Listed entries Start Marker

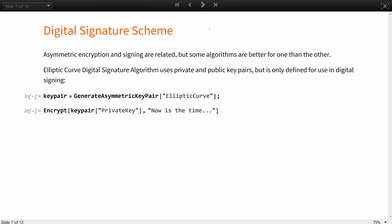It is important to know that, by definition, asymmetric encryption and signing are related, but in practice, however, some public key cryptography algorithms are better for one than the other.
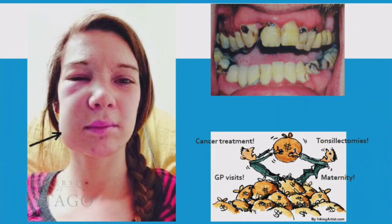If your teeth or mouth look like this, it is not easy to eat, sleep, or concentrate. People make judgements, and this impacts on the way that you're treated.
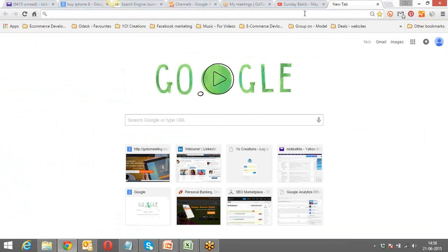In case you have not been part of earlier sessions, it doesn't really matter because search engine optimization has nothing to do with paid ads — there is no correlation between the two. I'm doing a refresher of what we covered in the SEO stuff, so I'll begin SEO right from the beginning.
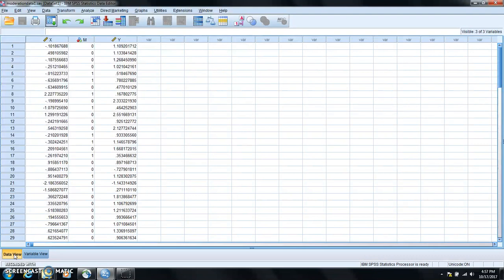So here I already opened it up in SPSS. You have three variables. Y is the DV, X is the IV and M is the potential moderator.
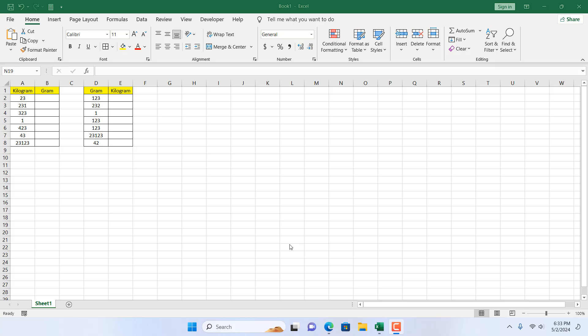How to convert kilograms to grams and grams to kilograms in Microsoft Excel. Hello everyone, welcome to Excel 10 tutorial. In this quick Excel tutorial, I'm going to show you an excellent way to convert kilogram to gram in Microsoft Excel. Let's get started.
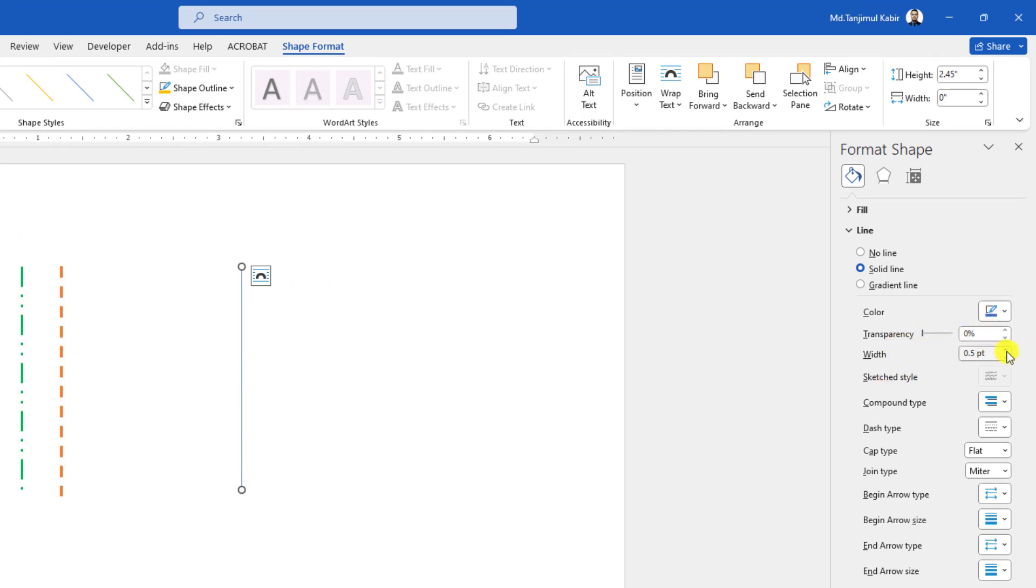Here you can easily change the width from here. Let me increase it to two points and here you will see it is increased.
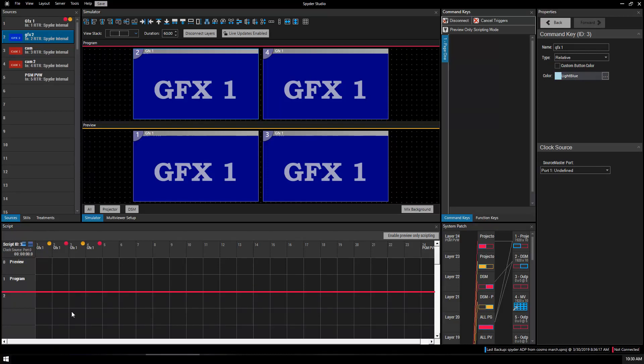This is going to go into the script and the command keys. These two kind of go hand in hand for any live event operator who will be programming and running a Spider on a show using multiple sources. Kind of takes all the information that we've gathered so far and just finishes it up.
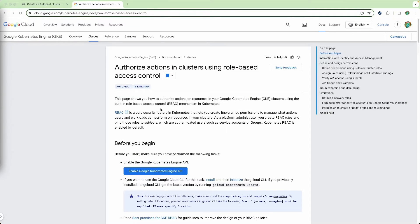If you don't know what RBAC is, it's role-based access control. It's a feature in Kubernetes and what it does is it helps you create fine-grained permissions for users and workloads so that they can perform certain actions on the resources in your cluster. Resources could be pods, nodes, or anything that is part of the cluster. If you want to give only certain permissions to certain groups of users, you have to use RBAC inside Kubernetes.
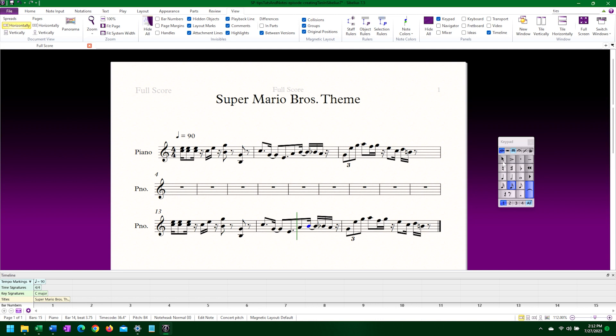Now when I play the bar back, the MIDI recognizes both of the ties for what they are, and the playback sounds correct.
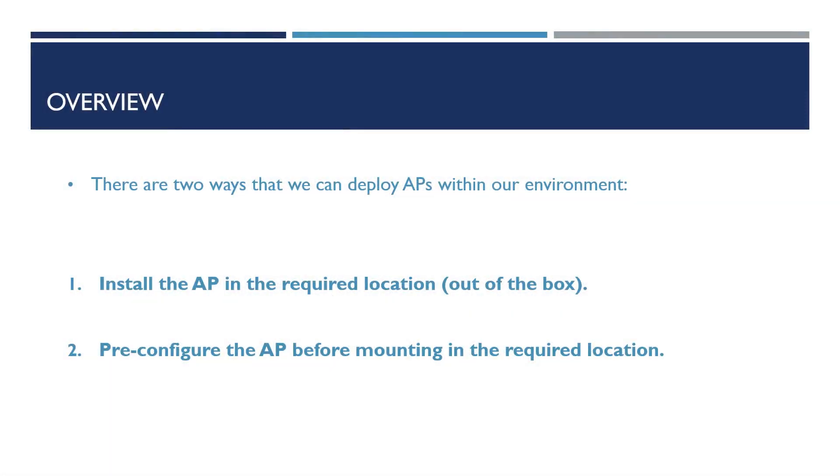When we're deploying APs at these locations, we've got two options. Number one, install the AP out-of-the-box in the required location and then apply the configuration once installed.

Listed entries End Marker

Exercise
Beginning with the line that contains "So here I already", write out the lines of the material above exactly, and end with the line that contains "Now when I play". Omit the pictures.

Expected output
So here I already opened it up in SPSS. You have three variables. Y is the DV, X is the IV and M is the potential moderator.
How to convert kilograms to grams and grams to kilograms in Microsoft Excel. Hello everyone, welcome to Excel 10 tutorial. In this quick Excel tutorial, I'm going to show you an excellent way to convert kilogram to gram in Microsoft Excel. Let's get started.
Here you can easily change the width from here. Let me increase it to two points and here you will see it is increased.
This is going to go into the script and the command keys. These two kind of go hand in hand for any live event operator who will be programming and running a Spider on a show using multiple sources. Kind of takes all the information that we've gathered so far and just finishes it up.
If you don't know what RBAC is, it's role-based access control. It's a feature in Kubernetes and what it does is it helps you create fine-grained permissions for users and workloads so that they can perform certain actions on the resources in your cluster. Resources could be pods, nodes, or anything that is part of the cluster. If you want to give only certain permissions to certain groups of users, you have to use RBAC inside Kubernetes.
Now when I play the bar back, the MIDI recognizes both of the ties for what they are, and the playback sounds correct.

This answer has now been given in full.